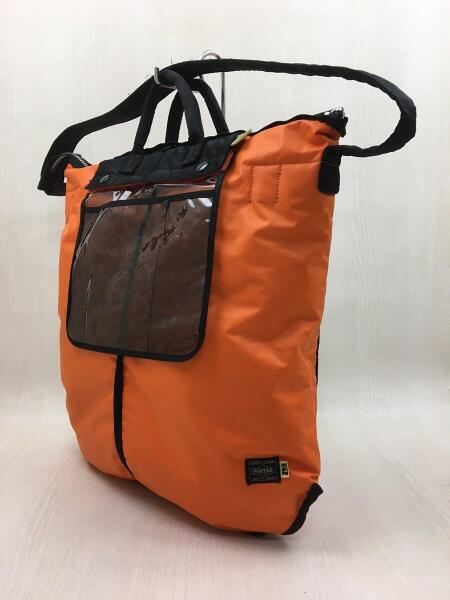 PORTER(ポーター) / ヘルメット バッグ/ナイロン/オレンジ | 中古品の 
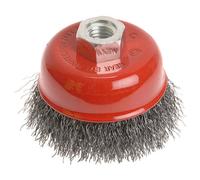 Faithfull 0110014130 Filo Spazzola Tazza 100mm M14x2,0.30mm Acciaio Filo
━━━━━━━━━━
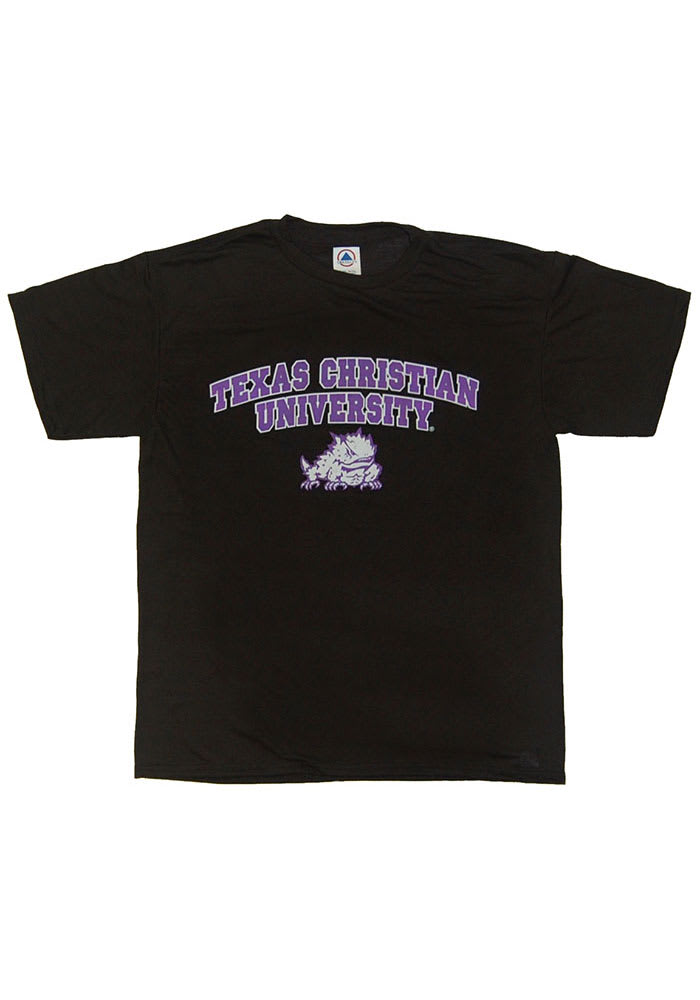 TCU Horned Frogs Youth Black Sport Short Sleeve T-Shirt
━━━━━━━━━━
◆ TRY IT:
Make an exact copy of the lines above, beginning with the line with "PORTER(ポーター) / ヘルメット バッグ/ナイロン/オレンジ | 中古品の" and ending with the line with "Faithfull 0110014130 Filo", and keep the pictures out of it.

◆ TASK RESPONSE:
 PORTER(ポーター) / ヘルメット バッグ/ナイロン/オレンジ | 中古品の 
 Faithfull 0110014130 Filo Spazzola Tazza 100mm M14x2,0.30mm Acciaio Filo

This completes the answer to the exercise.